Tefrikaya ilkokulda başlayanların oğlu mezun olmuş. Belki ergenliğe hazırlık babından oğlunu elinden tutup “kulübe” getiren de var. Hep birlikte öve imrene üye olmuşlar. Övünün büyükler, sevinin küçükler; cenginiz, “milli” olmaya hazırlık töreniniz kutlu olsun.
Yaşa ama yazma-çizme…
Hepsinin hayali Karaoğlan… Yaşıyor, filmlerle de yaşatılıyor. 1965-72 arasında yedi ayrı film… 2002’de Kanal D’ye dizi bile oluyor, 2013’te yine sinemalarda. Ama reytingi Muhteşem 21. Yüzyıl’da evrilip çevrilen “Yeni Osmanlı Serileri”ne göre zayıf.
Sakıncalı da esasen… Kahramanı biraz hafifmeşrep, edepsiz kaçıyor artık. Muhteşem Yüzyıl dizisinde “Kanuni ve Harem” meselesinin nasıl kıyamet kopardığını gördük. Yaşarken mesele yok da yazmak-çizmek yasak, videosu, filmi, deşifresi memnû.

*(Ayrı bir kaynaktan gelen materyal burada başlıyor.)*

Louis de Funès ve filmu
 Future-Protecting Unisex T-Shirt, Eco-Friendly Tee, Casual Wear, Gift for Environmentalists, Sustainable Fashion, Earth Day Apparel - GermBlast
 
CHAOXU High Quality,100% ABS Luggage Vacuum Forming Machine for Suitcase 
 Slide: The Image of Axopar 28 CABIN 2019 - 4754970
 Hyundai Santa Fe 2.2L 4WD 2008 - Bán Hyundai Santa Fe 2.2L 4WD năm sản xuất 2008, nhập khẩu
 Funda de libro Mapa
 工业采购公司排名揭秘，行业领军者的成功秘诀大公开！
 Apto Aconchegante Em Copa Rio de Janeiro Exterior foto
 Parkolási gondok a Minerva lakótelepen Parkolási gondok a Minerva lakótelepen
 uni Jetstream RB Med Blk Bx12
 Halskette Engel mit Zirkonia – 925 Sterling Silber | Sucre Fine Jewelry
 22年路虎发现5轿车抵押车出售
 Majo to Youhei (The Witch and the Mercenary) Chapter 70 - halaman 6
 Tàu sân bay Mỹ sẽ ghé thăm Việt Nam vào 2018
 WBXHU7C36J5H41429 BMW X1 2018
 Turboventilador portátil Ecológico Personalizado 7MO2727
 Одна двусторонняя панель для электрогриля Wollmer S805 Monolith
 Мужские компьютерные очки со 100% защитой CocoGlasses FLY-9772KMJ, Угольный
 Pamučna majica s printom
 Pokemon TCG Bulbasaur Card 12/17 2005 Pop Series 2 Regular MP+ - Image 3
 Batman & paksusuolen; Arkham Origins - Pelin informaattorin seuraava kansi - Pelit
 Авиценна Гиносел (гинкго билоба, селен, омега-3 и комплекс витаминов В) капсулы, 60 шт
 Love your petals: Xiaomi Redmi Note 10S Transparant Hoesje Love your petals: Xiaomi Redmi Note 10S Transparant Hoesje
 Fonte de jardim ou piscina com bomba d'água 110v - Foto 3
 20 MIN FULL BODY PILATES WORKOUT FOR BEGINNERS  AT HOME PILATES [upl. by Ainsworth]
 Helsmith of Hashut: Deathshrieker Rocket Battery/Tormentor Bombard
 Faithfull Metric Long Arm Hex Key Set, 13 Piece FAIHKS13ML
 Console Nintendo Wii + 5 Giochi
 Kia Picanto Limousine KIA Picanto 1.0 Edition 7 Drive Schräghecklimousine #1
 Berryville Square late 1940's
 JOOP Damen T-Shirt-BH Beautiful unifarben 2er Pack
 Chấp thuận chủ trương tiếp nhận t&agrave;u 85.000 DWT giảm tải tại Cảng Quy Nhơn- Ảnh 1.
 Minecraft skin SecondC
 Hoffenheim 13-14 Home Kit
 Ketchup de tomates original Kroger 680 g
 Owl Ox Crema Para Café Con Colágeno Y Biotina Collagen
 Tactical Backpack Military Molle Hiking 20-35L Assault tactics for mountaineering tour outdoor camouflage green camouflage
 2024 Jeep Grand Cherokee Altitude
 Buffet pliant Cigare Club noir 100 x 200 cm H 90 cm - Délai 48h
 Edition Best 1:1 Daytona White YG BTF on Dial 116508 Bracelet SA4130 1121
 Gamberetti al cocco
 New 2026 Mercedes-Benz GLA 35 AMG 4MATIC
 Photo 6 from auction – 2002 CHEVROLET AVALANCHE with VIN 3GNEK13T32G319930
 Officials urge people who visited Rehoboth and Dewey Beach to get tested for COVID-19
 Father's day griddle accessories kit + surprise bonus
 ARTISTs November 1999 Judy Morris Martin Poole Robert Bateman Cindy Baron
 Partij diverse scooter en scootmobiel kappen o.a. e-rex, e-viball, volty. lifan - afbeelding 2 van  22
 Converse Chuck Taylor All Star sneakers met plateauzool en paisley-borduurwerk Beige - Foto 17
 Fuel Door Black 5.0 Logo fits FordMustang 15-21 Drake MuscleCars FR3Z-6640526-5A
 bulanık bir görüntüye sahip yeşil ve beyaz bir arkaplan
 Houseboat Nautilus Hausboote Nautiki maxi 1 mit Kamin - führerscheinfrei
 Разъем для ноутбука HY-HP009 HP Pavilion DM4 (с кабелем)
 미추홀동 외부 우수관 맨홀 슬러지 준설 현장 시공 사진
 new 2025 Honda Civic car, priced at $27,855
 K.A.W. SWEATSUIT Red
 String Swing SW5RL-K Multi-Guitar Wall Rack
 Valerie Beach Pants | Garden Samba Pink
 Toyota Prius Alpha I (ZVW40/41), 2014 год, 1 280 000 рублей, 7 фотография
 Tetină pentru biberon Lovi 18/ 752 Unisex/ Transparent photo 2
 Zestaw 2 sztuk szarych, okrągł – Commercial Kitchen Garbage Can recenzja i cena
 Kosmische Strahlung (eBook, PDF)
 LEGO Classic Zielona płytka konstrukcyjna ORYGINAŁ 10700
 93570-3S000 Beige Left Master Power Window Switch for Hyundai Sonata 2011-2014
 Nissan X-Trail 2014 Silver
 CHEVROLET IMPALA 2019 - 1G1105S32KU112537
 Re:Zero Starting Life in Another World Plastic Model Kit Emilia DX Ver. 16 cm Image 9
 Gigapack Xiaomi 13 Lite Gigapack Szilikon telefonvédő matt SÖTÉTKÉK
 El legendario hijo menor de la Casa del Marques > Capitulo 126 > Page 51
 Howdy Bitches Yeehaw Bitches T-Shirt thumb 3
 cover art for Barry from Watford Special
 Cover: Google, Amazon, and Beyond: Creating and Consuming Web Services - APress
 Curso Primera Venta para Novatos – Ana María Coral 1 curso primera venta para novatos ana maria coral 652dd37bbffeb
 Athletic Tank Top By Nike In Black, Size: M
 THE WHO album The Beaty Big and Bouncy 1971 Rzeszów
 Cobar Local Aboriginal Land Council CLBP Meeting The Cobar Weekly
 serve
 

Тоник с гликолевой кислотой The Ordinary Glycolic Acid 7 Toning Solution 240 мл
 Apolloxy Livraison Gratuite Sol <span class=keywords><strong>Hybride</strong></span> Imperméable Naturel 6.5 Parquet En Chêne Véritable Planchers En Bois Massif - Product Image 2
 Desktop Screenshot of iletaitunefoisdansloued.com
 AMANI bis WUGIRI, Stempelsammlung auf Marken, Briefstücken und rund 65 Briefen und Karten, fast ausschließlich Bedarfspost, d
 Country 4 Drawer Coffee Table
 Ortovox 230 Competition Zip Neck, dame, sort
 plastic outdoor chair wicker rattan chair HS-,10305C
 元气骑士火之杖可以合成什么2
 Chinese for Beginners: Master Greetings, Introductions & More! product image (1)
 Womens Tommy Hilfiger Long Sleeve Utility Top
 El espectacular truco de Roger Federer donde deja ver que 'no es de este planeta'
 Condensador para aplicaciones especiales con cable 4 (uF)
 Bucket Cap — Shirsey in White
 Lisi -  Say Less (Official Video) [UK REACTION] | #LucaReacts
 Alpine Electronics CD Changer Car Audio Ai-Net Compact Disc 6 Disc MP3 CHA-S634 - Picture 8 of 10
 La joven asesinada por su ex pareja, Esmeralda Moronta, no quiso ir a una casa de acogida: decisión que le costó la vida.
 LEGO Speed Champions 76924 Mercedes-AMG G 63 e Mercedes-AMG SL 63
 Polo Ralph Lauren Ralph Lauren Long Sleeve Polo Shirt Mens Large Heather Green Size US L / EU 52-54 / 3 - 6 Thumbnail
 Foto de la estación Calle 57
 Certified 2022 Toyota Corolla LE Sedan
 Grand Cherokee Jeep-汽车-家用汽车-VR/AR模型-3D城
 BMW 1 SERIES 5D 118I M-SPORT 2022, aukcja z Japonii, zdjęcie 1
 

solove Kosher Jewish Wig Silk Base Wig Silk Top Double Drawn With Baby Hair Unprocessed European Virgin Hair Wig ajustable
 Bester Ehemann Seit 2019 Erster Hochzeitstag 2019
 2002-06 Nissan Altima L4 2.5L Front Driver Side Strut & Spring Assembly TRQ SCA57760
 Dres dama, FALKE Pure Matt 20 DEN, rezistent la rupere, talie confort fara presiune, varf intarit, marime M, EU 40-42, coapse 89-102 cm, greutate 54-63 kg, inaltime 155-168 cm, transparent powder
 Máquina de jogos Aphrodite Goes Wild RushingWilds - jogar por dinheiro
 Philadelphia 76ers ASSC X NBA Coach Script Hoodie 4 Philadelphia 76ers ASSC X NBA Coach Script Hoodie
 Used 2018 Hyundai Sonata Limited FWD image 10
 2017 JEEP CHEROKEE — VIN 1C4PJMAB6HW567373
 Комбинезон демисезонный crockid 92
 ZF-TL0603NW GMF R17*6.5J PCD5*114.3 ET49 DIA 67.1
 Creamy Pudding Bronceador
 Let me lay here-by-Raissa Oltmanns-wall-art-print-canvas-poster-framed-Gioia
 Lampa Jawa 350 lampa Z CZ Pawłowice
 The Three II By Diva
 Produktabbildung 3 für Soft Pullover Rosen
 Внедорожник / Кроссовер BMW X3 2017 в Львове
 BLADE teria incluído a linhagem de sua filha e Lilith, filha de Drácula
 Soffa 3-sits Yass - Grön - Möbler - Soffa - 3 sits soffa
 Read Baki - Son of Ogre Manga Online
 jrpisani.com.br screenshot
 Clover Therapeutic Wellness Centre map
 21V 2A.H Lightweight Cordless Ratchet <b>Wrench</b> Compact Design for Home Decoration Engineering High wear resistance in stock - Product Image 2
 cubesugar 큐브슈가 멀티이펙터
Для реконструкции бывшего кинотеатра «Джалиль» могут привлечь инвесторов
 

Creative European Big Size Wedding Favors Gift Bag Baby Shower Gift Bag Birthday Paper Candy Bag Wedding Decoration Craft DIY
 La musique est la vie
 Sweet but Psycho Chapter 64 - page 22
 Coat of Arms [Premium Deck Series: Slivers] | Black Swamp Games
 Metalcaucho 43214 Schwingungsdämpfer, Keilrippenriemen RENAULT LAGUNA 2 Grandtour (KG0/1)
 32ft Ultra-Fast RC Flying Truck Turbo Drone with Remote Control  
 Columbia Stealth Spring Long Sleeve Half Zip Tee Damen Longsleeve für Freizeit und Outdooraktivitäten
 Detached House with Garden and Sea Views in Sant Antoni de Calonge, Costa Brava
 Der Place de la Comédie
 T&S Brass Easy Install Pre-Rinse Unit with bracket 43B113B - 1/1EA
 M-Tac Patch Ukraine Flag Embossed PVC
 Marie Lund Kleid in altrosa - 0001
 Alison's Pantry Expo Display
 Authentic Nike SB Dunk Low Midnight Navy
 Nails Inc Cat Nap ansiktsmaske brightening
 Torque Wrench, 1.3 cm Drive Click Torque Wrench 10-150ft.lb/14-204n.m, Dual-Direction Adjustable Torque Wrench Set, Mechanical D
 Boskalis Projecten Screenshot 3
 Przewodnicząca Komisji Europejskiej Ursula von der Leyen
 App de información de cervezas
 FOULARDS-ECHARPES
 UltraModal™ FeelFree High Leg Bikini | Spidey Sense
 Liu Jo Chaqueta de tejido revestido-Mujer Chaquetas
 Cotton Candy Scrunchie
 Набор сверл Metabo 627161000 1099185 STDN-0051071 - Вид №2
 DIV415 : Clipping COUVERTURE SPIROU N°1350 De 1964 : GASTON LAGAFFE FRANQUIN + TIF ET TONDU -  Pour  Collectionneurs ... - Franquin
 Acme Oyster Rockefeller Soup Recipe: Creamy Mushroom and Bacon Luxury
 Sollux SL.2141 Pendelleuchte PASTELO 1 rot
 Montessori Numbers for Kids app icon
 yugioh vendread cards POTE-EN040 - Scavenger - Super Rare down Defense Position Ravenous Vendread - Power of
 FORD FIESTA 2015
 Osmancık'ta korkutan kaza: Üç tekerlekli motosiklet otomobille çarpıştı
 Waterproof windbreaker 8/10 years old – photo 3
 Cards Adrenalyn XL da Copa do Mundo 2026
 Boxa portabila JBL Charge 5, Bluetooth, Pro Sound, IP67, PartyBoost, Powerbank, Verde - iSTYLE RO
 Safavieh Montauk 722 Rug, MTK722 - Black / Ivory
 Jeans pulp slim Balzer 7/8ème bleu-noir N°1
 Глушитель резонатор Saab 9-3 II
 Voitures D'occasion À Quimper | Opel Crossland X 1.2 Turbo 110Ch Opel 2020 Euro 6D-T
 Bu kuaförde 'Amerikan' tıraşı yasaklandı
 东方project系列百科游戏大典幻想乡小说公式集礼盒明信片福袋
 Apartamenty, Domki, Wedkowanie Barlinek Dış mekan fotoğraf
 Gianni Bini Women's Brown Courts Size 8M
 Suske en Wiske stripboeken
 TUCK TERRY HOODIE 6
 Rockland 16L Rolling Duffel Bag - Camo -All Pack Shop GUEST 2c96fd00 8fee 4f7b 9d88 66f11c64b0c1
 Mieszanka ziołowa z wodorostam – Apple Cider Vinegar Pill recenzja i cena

“Telaşla saldırdı güzel kadına”
Karaoğlan’dan yazıma aldığım bölümler istisnai örnek sayılmasın. Özellikle dikkat edip, çoktan seçmeli örnekler arasından, en kısalarıyla aldım. Suat Yalaz da kahramanını hep öyle ballandırıyor zaten. Mesela yazımın resmindeki macerasının “balon”u şöyle:
“Karaoğlan atları bağlarken, Ba’nı Çiçek al ipekten pelerinini böğürtlenlerin arkasına sermiş, üstünde fazla bulduğu ne varsa çıkarıp, sağa sola atmıştı. Karaoğlan, kılıcı başucuna saplayıp, sanki kovalayan varmış gibi telaşla saldırdı güzel kadına.”
Karaoğlan’ın tek hatası…
O akının “can alıcı” detayları -aşama aşama- çizilmemiş, yarı çıplak (tek meme) geçiştirilmiş de… İnşallah o saldırma bildiğimiz Karaoğlan saldırısı değil de, lafın gelişidir yani. Hani bulunca öyle saldırılır ya…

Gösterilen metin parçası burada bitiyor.